[GH-ISSUE #13103] feat: Large base64 images embedded in session data cause performance issue #55477

Closed
opened 2026-05-05 17:35:21 -05:00 by GiteaMirror · 4 comments
Owner

Originally created by @ShadyLeaf on GitHub (Apr 21, 2025).
Original GitHub issue: https://github.com/open-webui/open-webui/issues/13103

Check Existing Issues

  • I have searched the existing issues and discussions.

Problem Description

Similar to #11934 but in chat sessions.

Currently, when using image inputs in a chat, Open WebUI stores the image as a Base64-encoded string. When a session is reopened, the entire base64 string is transmitted as plain text in session json and loaded into the frontend, which causes some issues:

  • Slow session load times: Sessions containing large images (several MBs) take significantly longer to open, since the UI waits for the entire image data to load before rendering the conversation.

  • Base64 encoding overhead: Embedding base64 data inflates the payload by ~33%, impacting both memory usage and network performance.

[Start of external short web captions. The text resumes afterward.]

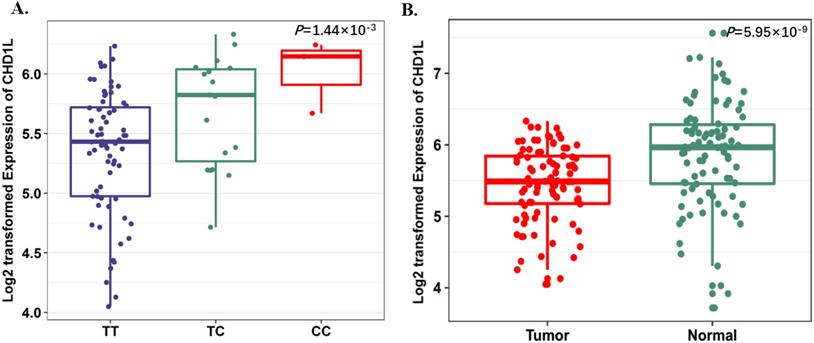 J Cancer Image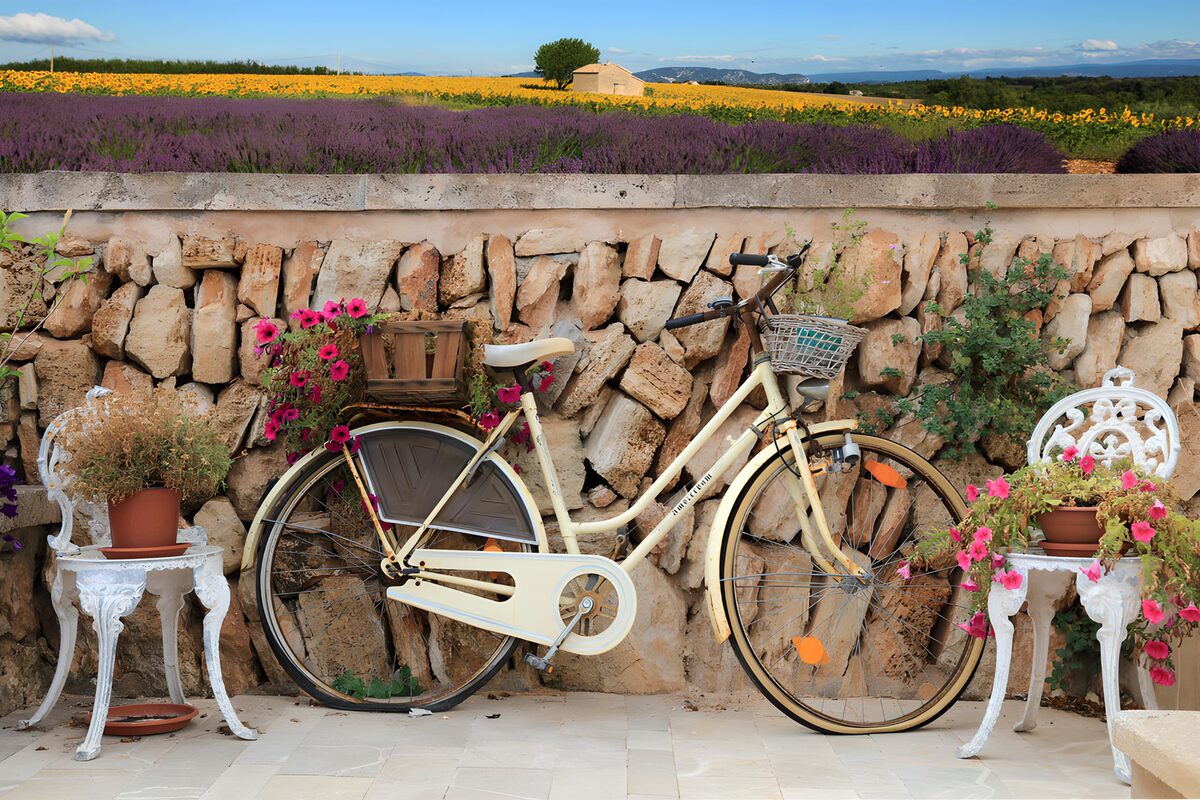 TPES20262: Bicicleta crema entre flores y piedra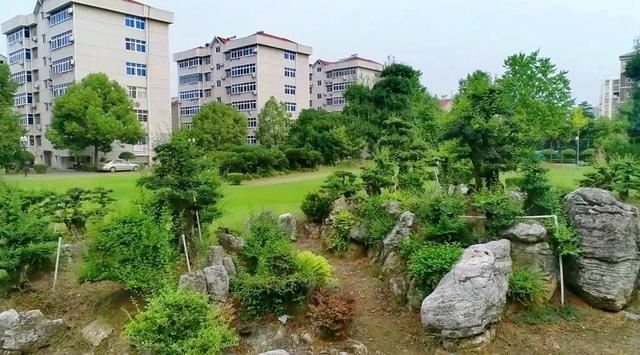 国家园林城市——钟祥上榜了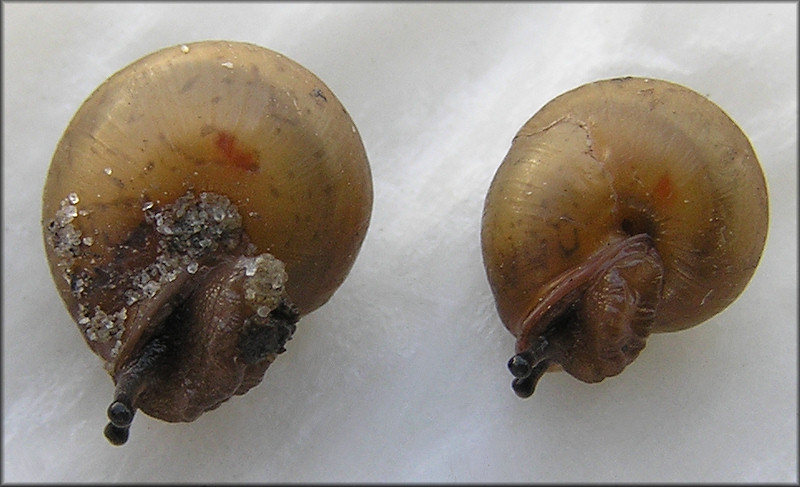 Praticolella mobiliana (I. Lea, 1841) Choctaw Scrubsnail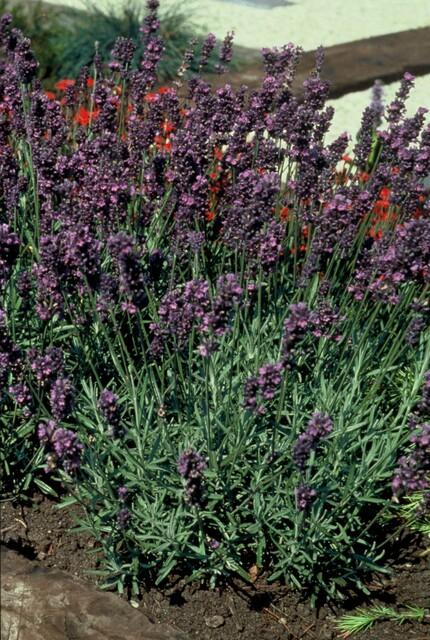 Lavendel Lavandula angustifolia 'Munstead' – ↕10-25cm – Ø9cm – 12 Pflanzen – Mediterraner Duft, Tiefviolette Blüten, Bienenfreundlich, Winterhart, Pflegeleicht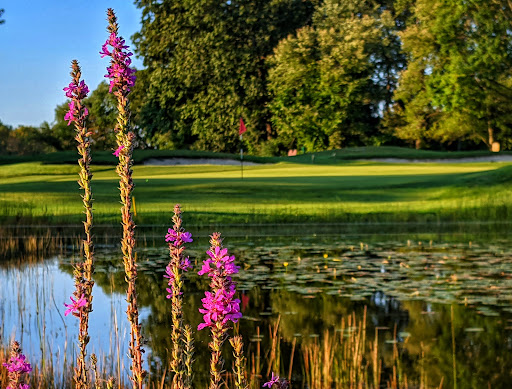 Golf Driving Range «Patriot Golf Course», reviews and photos, 200 Springs Rd, Bedford, MA 01730, USA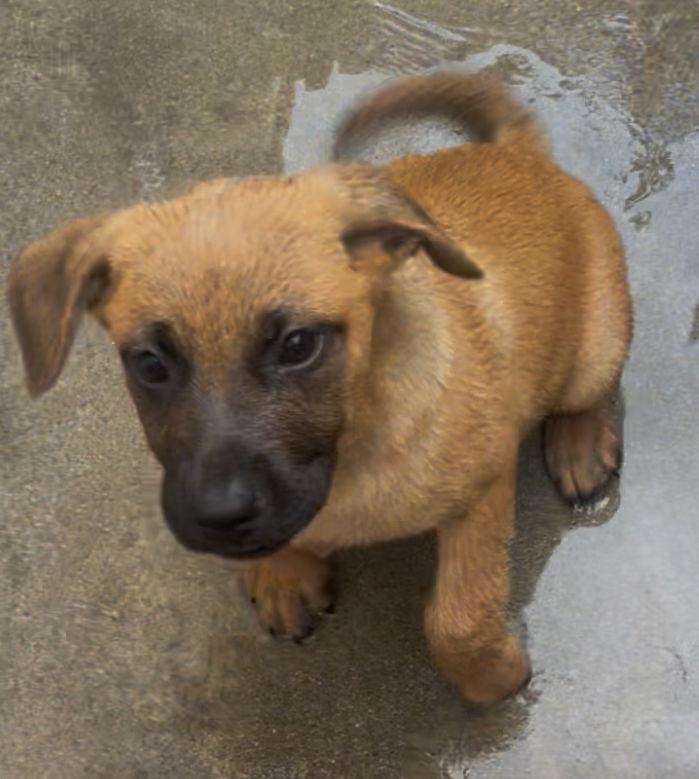 Peter, a Adoptable mixed breed in Rancho Cucamonga, CA image 1/2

  • No browser caching: Because the image is not served via a standard URL, the browser cannot cache it. This means every time a session is reopened, the same image must be reloaded in full, even if it has not changed.

This becomes especially noticeable in slower connections.

Steps to Reproduce

  1. Create a new chat session.
  2. Upload a large image (several megabytes in size) and send it to model.
  3. Switch to another chat session.
  4. Switch back to the chat session with large image.
  5. Notice the extended response time due to the embedded base64 images.

Expected Behavior
• The system should quickly retrieve chat session text information without incurring large overhead from image data.
• Images should be stored or served in a more performant manner.

Desired Solution you'd like

A better handling of image data in conversations. Some possible improvements could be:

  • Store and serve image files separately (e.g., from a cache folder or backend endpoint), and only store a URL or reference path in the session JSON.

  • Defer loading of images until needed (lazy loading), to prioritize rendering the actual conversation content.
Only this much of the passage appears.